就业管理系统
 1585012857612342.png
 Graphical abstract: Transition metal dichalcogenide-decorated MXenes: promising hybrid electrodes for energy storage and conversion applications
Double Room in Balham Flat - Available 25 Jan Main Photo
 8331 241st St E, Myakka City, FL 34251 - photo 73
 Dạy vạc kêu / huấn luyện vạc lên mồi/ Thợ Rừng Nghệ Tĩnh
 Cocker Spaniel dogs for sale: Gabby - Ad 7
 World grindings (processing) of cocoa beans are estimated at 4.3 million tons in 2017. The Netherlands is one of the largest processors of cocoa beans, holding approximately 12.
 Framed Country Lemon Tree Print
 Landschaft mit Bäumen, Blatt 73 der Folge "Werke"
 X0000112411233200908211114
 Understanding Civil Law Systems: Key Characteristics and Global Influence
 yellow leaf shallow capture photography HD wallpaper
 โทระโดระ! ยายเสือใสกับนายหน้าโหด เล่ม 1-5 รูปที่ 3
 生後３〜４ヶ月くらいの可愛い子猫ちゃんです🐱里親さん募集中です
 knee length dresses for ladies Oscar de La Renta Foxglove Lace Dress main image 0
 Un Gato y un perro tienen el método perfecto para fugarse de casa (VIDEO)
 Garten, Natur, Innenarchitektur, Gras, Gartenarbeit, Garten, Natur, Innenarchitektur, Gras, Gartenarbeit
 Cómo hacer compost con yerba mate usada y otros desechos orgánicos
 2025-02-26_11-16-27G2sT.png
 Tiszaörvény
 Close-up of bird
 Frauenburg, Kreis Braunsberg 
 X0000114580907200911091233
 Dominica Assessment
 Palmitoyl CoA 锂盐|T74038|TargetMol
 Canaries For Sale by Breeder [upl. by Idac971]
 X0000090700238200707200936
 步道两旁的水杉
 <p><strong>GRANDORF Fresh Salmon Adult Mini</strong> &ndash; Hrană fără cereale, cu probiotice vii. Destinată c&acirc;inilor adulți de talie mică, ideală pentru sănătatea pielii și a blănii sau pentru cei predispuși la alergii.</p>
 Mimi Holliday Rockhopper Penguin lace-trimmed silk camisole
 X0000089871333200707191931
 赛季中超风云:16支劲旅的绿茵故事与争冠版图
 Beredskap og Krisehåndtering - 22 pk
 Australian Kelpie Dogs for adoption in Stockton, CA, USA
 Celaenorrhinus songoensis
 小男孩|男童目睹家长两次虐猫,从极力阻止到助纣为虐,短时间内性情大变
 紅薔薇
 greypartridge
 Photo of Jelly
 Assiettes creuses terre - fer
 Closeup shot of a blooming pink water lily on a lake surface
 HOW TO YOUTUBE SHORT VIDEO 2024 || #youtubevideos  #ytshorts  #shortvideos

- - - - - - -

(The problem)
Please say how many lines of the listing hold the string "VIDEO", answering with the number alone.

(Task response)
2